Why 80 PLUS® is Irrelevant to You When Buying a PSU

@ 2011/10/05
The 80 PLUS® logo is a big seal of approval that vendors can stick on its product's packaging that slightly informed and even uninformed buyers can form some sort of instant relationship with because the concept of Platinum, Gold, and Bronze "levels" are ingrained in many consumers. Efficiency is also a concept that is much more ingrained in people than electrical principles that actually matter to the hardware being powered by a power supply. Not only that, but 80 PLUS® logos allow power supply manufacturers to ride the eco-friendly wave of late.

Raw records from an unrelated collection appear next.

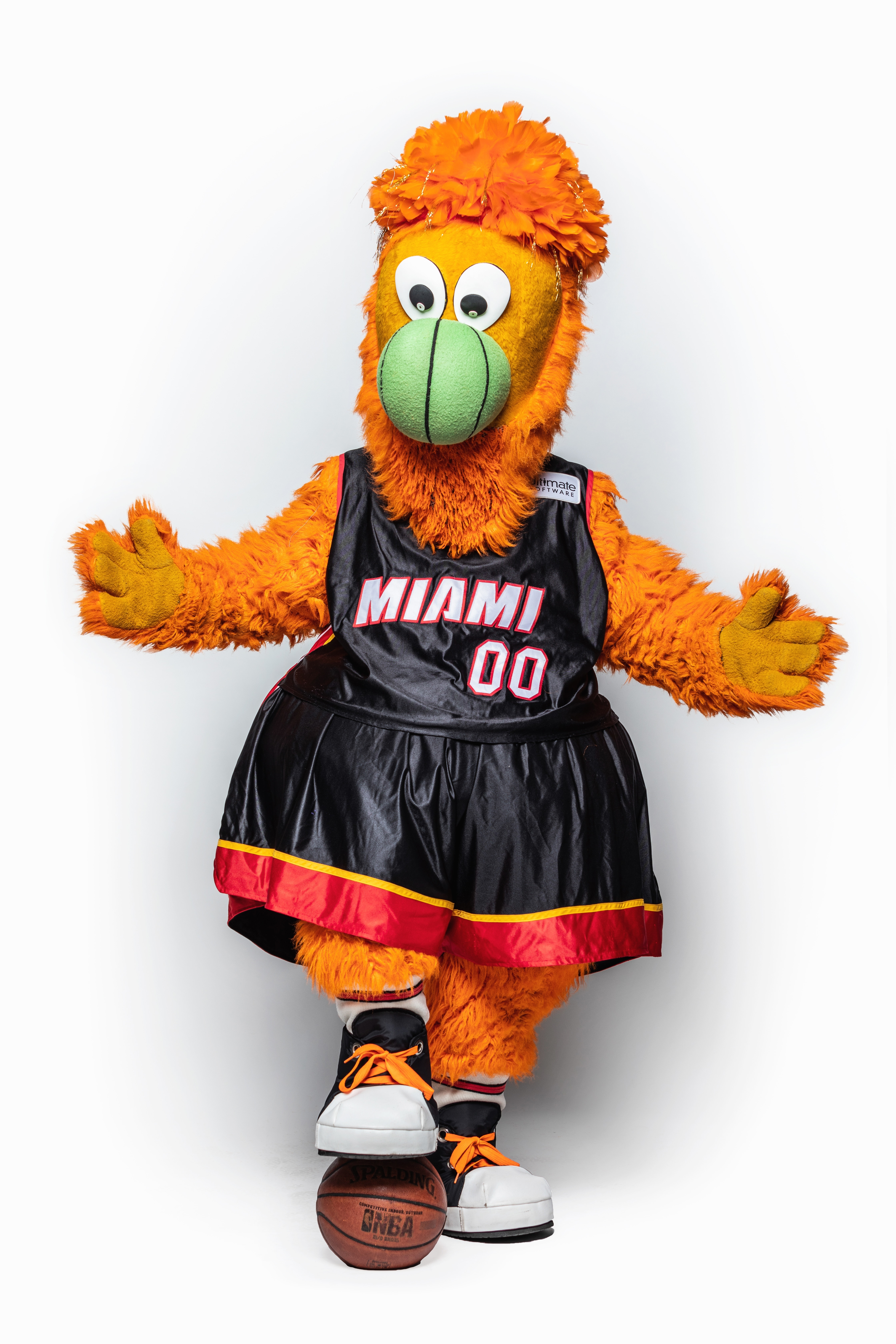 Mascot Burnie Photo Gallery Photo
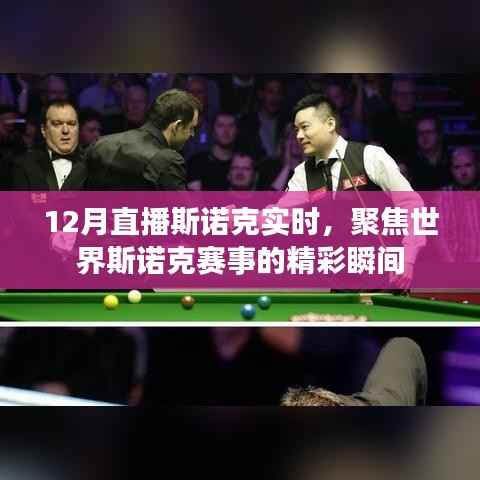 聚焦斯诺克赛事精彩瞬间,实时直播不容错过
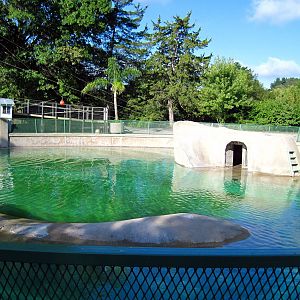 KidZone-California Sea Lion Pool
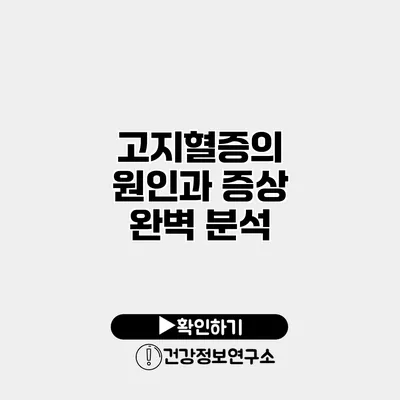 고지혈증의 원인과 증상 완벽 분석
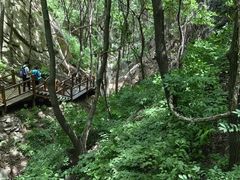 -大岭沟猕猴桃谷风景区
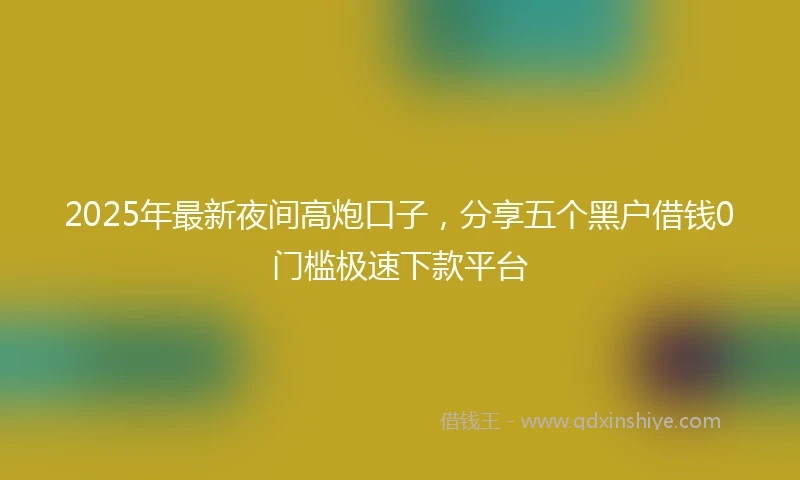 2025年最新夜间高炮口子,分享五个黑户借钱0门槛极速下款平台
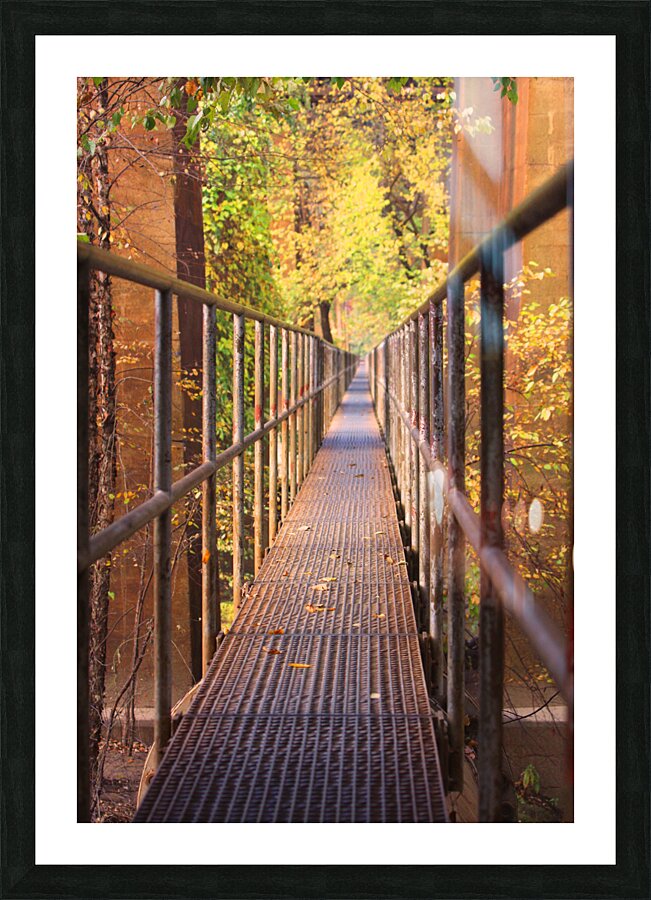 Fall Pipe Line Run 16x24 Picture Frame print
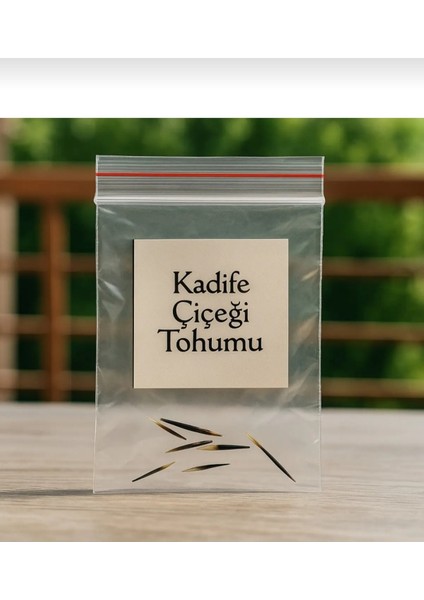 Kadife Çiçeği Yetiştirme Seti 25 Adet Tohum + Saksı + Toprak fiyatları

Now is 80 PLUS® and energy efficiency bad? No, of course not. One of the problems is the approach that ECOS has adopted leads to ridiculous competition to be the first to achieve something unique inside of this framework to keep this advertising copy fresh even if it is not true or relevant to users. The first 80 PLUS® Gold power supply! The first 80 PLUS® Gold power supply over 1000 watts! The first 80 PLUS® Platinum power supply! The first 80 PLUS® Platinum power supply that will walk the dog! You get it... Beyond the marketing issues, the 80 PLUS® program leads to some corporate behavior that we have to question. There are surely PSU retailers that are looking for ways to exploit 80 PLUS® so it can have a marketing and sales advantage. In the end, companies’ likely play and cheat the 80 PLUS® game because there is significant thinking that the 80 PLUS® badge will make more money than improving its products in other ways, if those even improve efficiency at all. And over the large consumer picture, this is likely the truth.

While, in all honesty, we don’t care that much on a professional level about PSU efficiency as much as other factors when it comes to reviewing or selecting power supplies, manufacturers have decided that for bragging rights it will target users with this approach because it is something the company can use in its marketing. Since most of these PSU companies have found it so important, we hate to find that ECOS seems to have a significant difficulty with policing its certifications. We recently added our own version of 80 PLUS® certification testing to our PSU reviews and will continue to run ECOS' 80 PLUS® certification loads in our reviews. We started doing this because of the intense corporate focus on 80 PLUS® certifications, not because we find these all that useful. If a power supply comes in that misses 80 PLUS® certification numbers by a wide margin we will fail that unit.